Records for processing -
=== Section Start ===
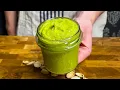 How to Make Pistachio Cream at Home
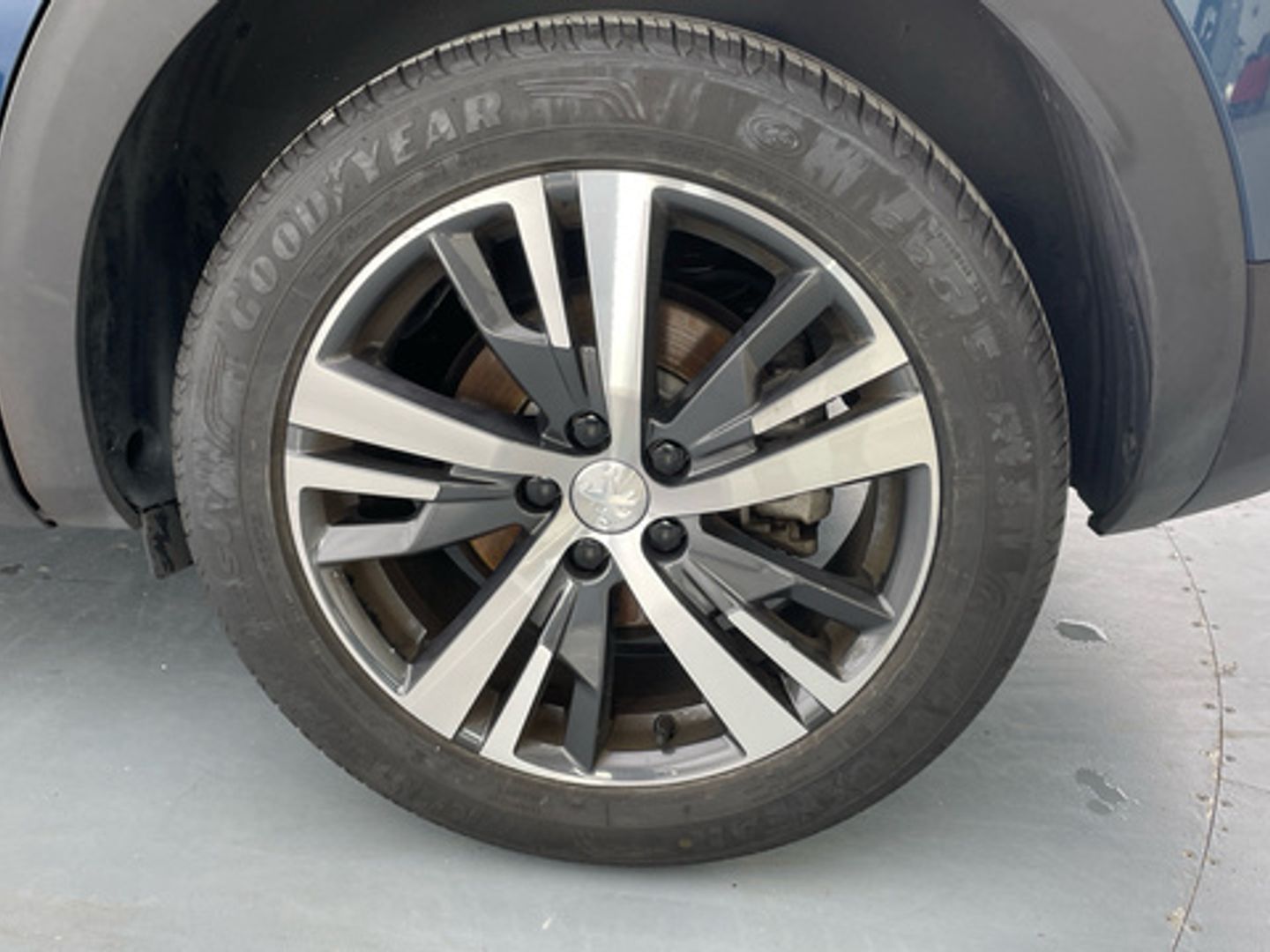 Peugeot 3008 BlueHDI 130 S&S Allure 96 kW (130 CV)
=== Section End ===
=== Section Start ===
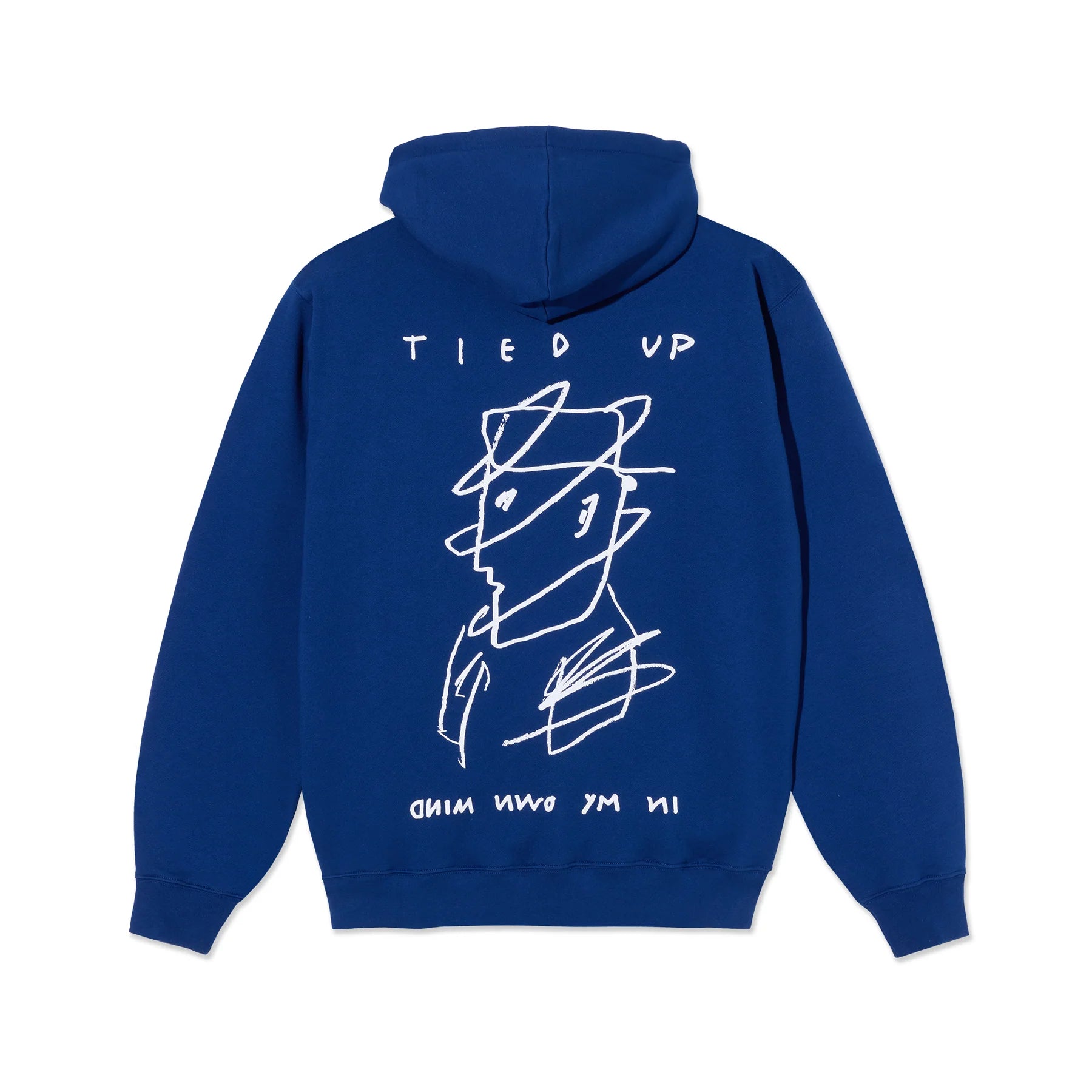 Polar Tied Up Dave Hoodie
=== Section End ===
Required work - Find the line with "How to Make Pistachio Cream at Home" in the data above, and from there retype each line exactly through the line with "Peugeot 3008 BlueHDI", skipping the pictures along the way.

Solution below -
 How to Make Pistachio Cream at Home
 Peugeot 3008 BlueHDI 130 S&S Allure 96 kW (130 CV)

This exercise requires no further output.